もっと単純に言えば、キャプテン翼くんばりに「菌はともだち」なマインドセットを持っているのであるよ。
「MITがバイオイノベーションがアツい」という話を聞きつけて、「じゃあウチでもやりましょう」というのも先見の明はあるのかもしれない。しかし、それはあくまで「先進事例のキャッチアップ」という発想であって、基本的には後手に回っている。
この「キャッチアップの速度を競う」という現象にビジョンは存在しない。というかあんまし面白くない。そうではなく「発酵デザイン」という概念をソリッドに現実化し、むしろ世界に対して「先手を取る」ということが面白いのではないかと僕は思う。

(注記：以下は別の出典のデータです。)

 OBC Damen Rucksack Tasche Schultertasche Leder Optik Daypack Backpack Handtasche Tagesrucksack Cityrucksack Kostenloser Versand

激動期の社会には、大きなビジョンを持った日本人が登場してきた。日本の微生物学の方法論を示した高峰譲吉や坂口謹一郎博士、そして国連創設のきっかけとなる協同の精神を提唱した賀川豊彦(←いまCOOPの仕事でよく調べている)もそう。
自分たち自身がイメージした世界観を、自分たちなりの言葉とやり方で現実にしていく。そしてそれを外の世界の人たちと分かち合えるようにデザインしていく。僕はそういうことがやりたい。
金沢工業大学の皆さま、うまく縁がつながったら、高峰譲吉が登った山頂の景色をいっしょに見たいものですね。きっと風通しよくて、気持ちいいと思うんだ。